Differentially Private Federated Learning With Time-Adaptive Privacy Spending
Shahrzad Kiani, Nupur Kulkarni, Adam Dziedzic, Stark Draper, Franziska, Boenisch

TL;DR
This paper introduces a time-adaptive differential privacy framework for federated learning, allowing clients to allocate privacy budgets unevenly over time, leading to improved utility and privacy trade-offs.
Contribution
It proposes a novel time-adaptive privacy spending strategy in federated learning, optimizing privacy budget allocation across rounds for better utility.
Findings
Theoretically proves utility improvements with uneven privacy budget spending.

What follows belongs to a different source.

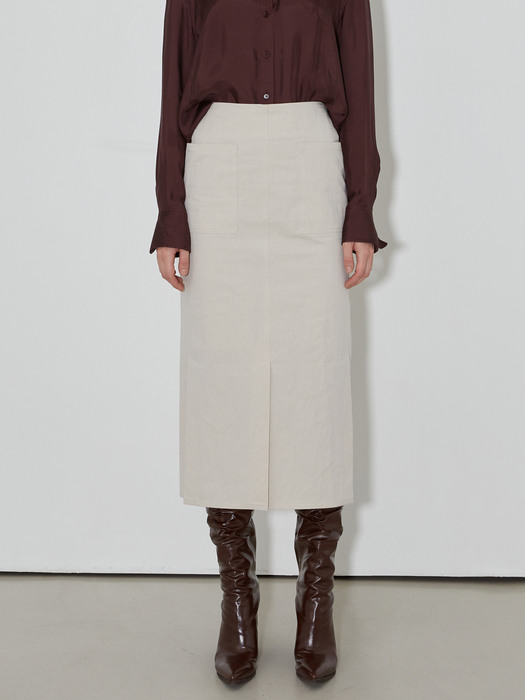 H Line Pocket Cotton Slit Skirts_Ecru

Empirically demonstrates enhanced privacy-utility trade-offs on benchmark datasets.
Abstract
Federated learning (FL) with differential privacy (DP) provides a framework for collaborative machine learning, enabling clients to train a shared model while adhering to strict privacy constraints. The framework allows each client to have an individual privacy guarantee, e.g., by adding different amounts of noise to each client's model updates. One underlying assumption is that all clients spend their privacy budgets uniformly over time (learning rounds). However, it has been shown in the literature that learning in early rounds typically focuses on more coarse-grained features that can be learned at lower signal-to-noise ratios while later rounds learn fine-grained features that benefit from higher signal-to-noise ratios. Building on this intuition, we propose a time-adaptive DP-FL framework that expends the privacy budget non-uniformly across both time and clients. Our framework…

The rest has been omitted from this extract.